Darn right it does. The week before the CAW organised the shop I could pass by an untidy loading dock and ask a fork truck driver who was not busy to take the broken pallets, cardboard or whatever to the compactor. The week after when I did something similer I was told, “not my job” as he slid further down in the seat of his idle fork truck. As a result of this, all the loading docks became untidy, filthy to point of being dangerous. In the end more people had to be hired to get the same work done.
RNC, I think our population is above the 35m mark at this stage but your point is still valid.
Toyonda operations in Ontario are non-union.
@oboylepr…All B.S. aside,if we lose the Oshawa plant its going to hurt an already hurting Ontario.
Just like in the U.S.,bailing out GM, wasn’t the most popular political move. GM has a certain obligation here.
My guess,for what its worth. The consolidated plant is gone. I do however see the Flex plant here for quite sometime.
I do hope you’re right Mikey, Merry Christmas!
You to, oboy.
Yes both Honda in Alliston in Ontario and Toyota in Cambridge and Woodstock are not Union plants!

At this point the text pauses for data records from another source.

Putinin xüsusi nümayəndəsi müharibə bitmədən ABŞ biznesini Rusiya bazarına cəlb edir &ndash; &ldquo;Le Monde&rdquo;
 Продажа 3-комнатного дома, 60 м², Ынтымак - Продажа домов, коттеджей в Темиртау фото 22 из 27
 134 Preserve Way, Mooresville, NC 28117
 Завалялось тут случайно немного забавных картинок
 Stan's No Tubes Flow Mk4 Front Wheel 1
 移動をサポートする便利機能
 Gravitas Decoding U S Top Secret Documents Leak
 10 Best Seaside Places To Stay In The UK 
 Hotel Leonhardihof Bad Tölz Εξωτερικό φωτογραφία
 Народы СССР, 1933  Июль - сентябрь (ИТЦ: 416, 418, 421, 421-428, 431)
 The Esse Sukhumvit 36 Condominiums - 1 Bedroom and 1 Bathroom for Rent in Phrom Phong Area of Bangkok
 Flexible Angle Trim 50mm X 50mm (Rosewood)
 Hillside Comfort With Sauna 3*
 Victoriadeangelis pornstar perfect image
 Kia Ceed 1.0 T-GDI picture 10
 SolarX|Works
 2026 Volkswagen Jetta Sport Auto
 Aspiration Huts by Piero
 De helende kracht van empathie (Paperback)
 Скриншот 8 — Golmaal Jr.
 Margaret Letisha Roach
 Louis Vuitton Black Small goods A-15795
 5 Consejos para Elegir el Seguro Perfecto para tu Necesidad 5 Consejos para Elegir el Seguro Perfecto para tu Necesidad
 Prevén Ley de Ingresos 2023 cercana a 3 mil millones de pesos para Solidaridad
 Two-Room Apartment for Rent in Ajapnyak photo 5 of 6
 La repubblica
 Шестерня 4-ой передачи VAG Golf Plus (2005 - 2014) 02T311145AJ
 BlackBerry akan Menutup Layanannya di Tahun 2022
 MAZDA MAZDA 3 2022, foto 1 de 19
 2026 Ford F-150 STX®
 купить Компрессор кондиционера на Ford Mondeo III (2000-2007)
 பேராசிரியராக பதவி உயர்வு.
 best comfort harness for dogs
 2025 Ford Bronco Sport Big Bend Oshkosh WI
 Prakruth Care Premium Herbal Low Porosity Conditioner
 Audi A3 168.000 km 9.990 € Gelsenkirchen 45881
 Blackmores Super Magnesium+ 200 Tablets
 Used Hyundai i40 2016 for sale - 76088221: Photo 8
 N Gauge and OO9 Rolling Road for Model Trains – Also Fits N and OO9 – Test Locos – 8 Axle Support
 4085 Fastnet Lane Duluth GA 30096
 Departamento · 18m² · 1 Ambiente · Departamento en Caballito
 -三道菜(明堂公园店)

And these plants have no Pension obiligations either.
You’re right. And I’ll bet the employees are that much happier for it, not having to deal with a union and the constant threat of strikes, plant closures, etc.
Or having a pesky defined-benefit pension. Those things really suck.
Bludgeoning the automakers into accepting unaffordable contracts as the CAW did in the last negotiations is hastening the end of U.S. auto manufacturing in Canada. CAW disinformation touted the short term benefits and the unionistas ate it up.
The CEOs are not financial nincompoops. Long term they can’t and won’t pay the world’s highest auto assembly wages. Significantly Chrysler refused to institute a third Brampton plant shift. That’s a thousand long term jobs that won’t happen thanks to union shortsightedness and hubris.
Are GM sales higher (percentage of market) in Canada? I’m guessing yes….I feel GM’s obiligation to Canada should reflect that.
The bailout….and the sentiments attached to it….will be playing out for a long time. But there won’t be a second helping….and I’m afraid that day is not too far away.
I am sympathetic to the workers, but not sympathetic to the CAW. For years they subsidized the leftist thugs at OCAP basically out of spite for the government…and other taxpayers. Maybe they should have focused their attention to keeping the plants open.
@Nick……As a former UAW/CAW {36 years} dues paying member. I couldn’t agree with you more.
Fact of the matter is, the vast majority of the membership are not supporters of the {Loony} left. However this fact is not recognized by the leadership.
The real problem remains that the Camaro is only good enough for a small niche:
People who were teens in the eighties who still think fondly of the mullet-wearing hockey-playing ac/dc-blasting disco-dancing cocaine-snorting smoking drunk-driving hairy-chested rockin Camaro drivers of the seventies.
Almost 100k vehicles is quite a niche.
@ Scott_314….Small niche? over 88,000 units sold in 2011?
What kind of people, drive what kind of cars? Do tell. Like,say a Camry, or a Tahoe. How about the BMW driving guy with the staggering loan/payments.
So the guy that sits behind a keyboard and insults a whole group of people, he doesn’t know? Whats he drive?
Whoa. If union wages keep declining non union wages will also decline. It will become a race for the bottom for everyone except those at the top who have mismanaged the industry into the ground yet still take home 10’s of millions of dollars in salary and bonuses.
Wages decline because of a surplus of labor. Labor is in surplus because our governments are in the hands of anti-business regimes. Blaming organized crime’s weakness for declining wages is like blaming farmers for a drought. It was their strength that contributed to wiping out the economy and destroying the value of labor.